Re: OO versus RDB
Date: 27 Jun 2006 12:56:04 -0700
> >> I don't care what storage paradigm is used or what access mechanisms
> >> one uses to access the data store. The point is that, whatever they
> >> are, they should be isolated from the problem solution so that they
> >> are completely transparent to the problem solution.
> > I don't use paradigms for storage.
> > I don't use a dbms for storage.
> Codd's relational data model as implemented in RDBs is not a data
> storage paradigm?
Data storage is one of *many* features of a DBMS. If mere storage is all that is needed, then one could use files. DBMS roll up a bunch of common attribute management services and needs into a semi-standardized package so that you don't have to reinvent lots of wheels, and have a consistent way to view, edit, and process attributes. It is factoring; reuse of common attribute idioms. (Unlike OO, where encapsulation encourages each object/class to reinvent its own add/change/delete/cross-reference/search rules and interfaces so that they are all different for each project or shop. That is not factoring of repetitious ideas, but an encouragement of reinvention, inconsistency, and duplication.)

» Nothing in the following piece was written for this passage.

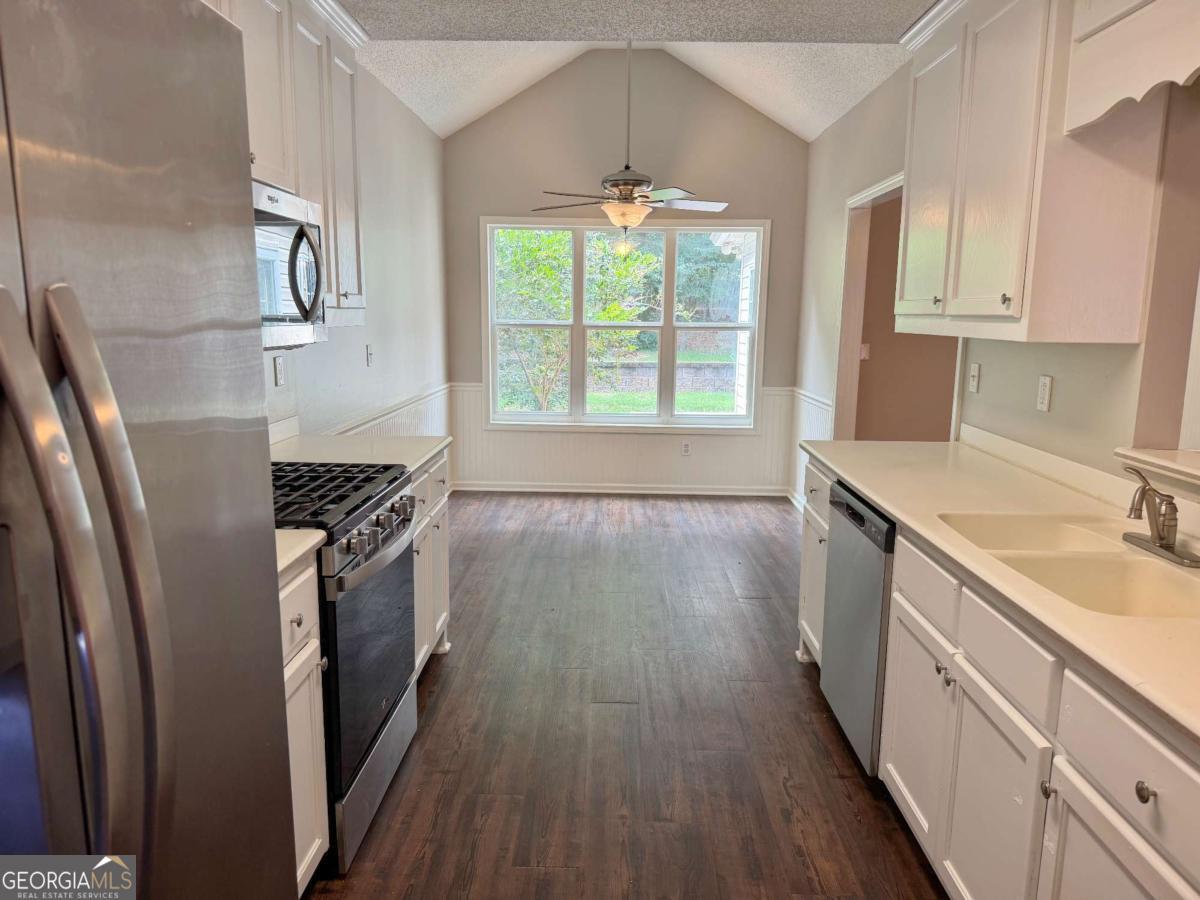1105 River Green Court Property Photo 12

You don't have to use all the services a DBMS supply. In fact, you could use it as merely a filing system. However, that does not mean that DBMS *are* just filing systems.

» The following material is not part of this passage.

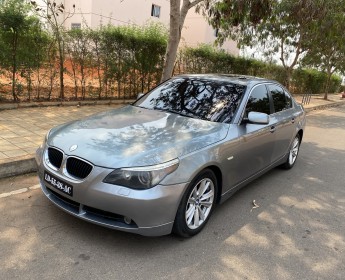 A venda BMW série (5) 525i E60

Saying a RDBMS is about "storage" is almost like saying the purpose of a car is to store gas.
A database is an "attribute management system". OOP can and often is also an attribute management system, just a lousy, inconsistent one.
> That's pretty much my point. You can use whatever mechanisms you want
> for storage management if they are isolated from the application problem
Only if you use a lowest-common-denominator interface. I would challenge the power of such an interface with scenarios and probably kick its rear end all over the floor with a RDBMS. Concurrency management alone would probably sink it.
So, let's see your generic "storage" API/wrapper.